On 11/24/2022 12:50 AM, Pekka Paalanen wrote:
On Wed, 23 Nov 2022 15:27:04 -0800
Jessica Zhang wrote:
On 11/9/2022 1:18 AM, Pekka Paalanen wrote:
On Tue, 8 Nov 2022 23:01:47 +0100
Sebastian Wick wrote:
On Tue, Nov 8, 2022 at 7:51 PM Simon Ser wrote:
cc'ing Pekka and wayland-devel for userspace devs feedback on the new uAPI.
Hi all,
thanks! Comments below.
Thanks for the feedback!
On Saturday, October 29th, 2022 at 14:08, Dmitry Baryshkov
wrote:
On 29/10/2022 01:59, Jessica Zhang wrote:
Add support for COLOR_FILL and COLOR_FILL_FORMAT properties for
drm_plane. In addition, add support for setting and getting the values
of these properties.
COLOR_FILL represents the color fill of a plane while COLOR_FILL_FORMAT
represents the format of the color fill. Userspace can set enable solid
fill on a plane by assigning COLOR_FILL to a uint64_t value, assigning
the COLOR_FILL_FORMAT property to a uint32_t value, and setting the
framebuffer to NULL.
Signed-off-by: Jessica Zhang
Planes report supported formats using the drm_mode_getplane().

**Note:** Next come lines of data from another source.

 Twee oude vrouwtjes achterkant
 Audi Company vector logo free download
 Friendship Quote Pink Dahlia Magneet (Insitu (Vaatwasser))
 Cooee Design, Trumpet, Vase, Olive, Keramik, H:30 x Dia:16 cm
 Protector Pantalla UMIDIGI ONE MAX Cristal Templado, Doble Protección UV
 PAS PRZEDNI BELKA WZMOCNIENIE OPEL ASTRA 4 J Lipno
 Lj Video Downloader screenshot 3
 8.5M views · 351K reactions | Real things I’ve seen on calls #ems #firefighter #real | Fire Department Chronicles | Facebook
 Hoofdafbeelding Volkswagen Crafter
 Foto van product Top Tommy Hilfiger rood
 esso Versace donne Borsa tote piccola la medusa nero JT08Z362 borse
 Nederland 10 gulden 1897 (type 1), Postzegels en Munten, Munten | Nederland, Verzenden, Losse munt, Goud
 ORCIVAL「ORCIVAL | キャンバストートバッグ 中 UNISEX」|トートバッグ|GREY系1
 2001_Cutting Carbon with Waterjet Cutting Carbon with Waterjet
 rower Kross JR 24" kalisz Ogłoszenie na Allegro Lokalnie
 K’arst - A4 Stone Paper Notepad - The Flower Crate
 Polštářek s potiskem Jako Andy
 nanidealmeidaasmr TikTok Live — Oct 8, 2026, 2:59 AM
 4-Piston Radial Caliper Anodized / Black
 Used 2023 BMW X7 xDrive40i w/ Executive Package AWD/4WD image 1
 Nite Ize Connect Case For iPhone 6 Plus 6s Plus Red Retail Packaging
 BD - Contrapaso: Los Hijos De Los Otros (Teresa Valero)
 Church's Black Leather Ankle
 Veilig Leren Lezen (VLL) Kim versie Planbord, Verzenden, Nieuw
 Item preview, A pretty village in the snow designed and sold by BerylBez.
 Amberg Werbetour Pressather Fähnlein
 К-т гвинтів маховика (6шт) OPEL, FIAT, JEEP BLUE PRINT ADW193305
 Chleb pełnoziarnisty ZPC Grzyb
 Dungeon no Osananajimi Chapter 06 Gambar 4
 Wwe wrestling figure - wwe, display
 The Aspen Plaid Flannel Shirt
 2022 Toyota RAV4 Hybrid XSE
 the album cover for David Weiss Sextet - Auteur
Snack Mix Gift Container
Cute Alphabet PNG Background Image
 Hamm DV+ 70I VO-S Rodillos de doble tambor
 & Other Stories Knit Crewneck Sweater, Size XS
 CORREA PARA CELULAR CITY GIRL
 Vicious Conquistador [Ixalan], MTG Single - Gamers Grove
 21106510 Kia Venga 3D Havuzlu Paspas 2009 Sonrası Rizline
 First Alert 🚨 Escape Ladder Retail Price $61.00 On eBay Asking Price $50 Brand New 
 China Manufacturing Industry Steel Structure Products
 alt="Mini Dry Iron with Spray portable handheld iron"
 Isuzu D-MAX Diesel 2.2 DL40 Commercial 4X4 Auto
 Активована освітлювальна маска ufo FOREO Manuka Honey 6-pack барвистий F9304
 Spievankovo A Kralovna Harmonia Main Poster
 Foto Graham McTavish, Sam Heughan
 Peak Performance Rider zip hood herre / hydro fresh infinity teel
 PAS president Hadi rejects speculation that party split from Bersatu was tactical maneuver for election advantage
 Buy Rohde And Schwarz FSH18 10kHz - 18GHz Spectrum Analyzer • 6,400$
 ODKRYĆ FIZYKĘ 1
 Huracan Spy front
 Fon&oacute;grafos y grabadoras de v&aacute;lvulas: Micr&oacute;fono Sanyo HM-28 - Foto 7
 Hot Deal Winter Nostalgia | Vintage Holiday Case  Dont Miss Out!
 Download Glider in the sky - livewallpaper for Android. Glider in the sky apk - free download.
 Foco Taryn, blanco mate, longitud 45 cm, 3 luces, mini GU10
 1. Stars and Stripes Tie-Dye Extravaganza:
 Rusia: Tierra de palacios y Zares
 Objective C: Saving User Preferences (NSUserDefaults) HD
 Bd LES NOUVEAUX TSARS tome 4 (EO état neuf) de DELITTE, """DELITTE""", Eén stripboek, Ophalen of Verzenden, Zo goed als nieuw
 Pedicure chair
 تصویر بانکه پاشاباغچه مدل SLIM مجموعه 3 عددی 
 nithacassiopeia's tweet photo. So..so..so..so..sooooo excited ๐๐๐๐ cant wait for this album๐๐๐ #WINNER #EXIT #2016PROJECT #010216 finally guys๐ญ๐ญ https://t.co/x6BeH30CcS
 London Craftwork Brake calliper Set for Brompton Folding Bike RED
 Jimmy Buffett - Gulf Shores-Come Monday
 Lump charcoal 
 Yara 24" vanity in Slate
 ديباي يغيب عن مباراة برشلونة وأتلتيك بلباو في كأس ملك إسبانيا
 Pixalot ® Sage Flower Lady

You'd
also need to tell userspace, which formats are supported for color fill.
I don't think one supports e.g. YV12.
A bit of generic comment for the discussion (this is an RFC anyway).
Using color_fill/color_fill_format properties sounds simple, but this
might be not generic enough. Limiting color_fill to 32 bits would
prevent anybody from using floating point formats (e.g.
DRM_FORMAT_XRGB16161616F, 64-bit value). Yes, this can be solved with
e.g. using 64-bit for the color_fill value, but then this doesn't sound
extensible too much.
So, a question for other hardware maintainers. Do we have hardware that
supports such 'color filled' planes? Do we want to support format
modifiers for filling color/data? Because what I have in mind is closer
to the blob structure, which can then be used for filling the plane:
struct color_fill_blob {
u32 pixel_format;
u64 modifiers4];
u32 pixel_data_size; // fixme: is this necessary?
u8 pixel_data[];
};
And then... This sounds a lot like a custom framebuffer.
So, maybe what should we do instead is to add new DRM_MODE_FB_COLOR_FILL
flag to the framebuffers, which would e.g. mean that the FB gets stamped
all over the plane. This would also save us from changing if (!fb)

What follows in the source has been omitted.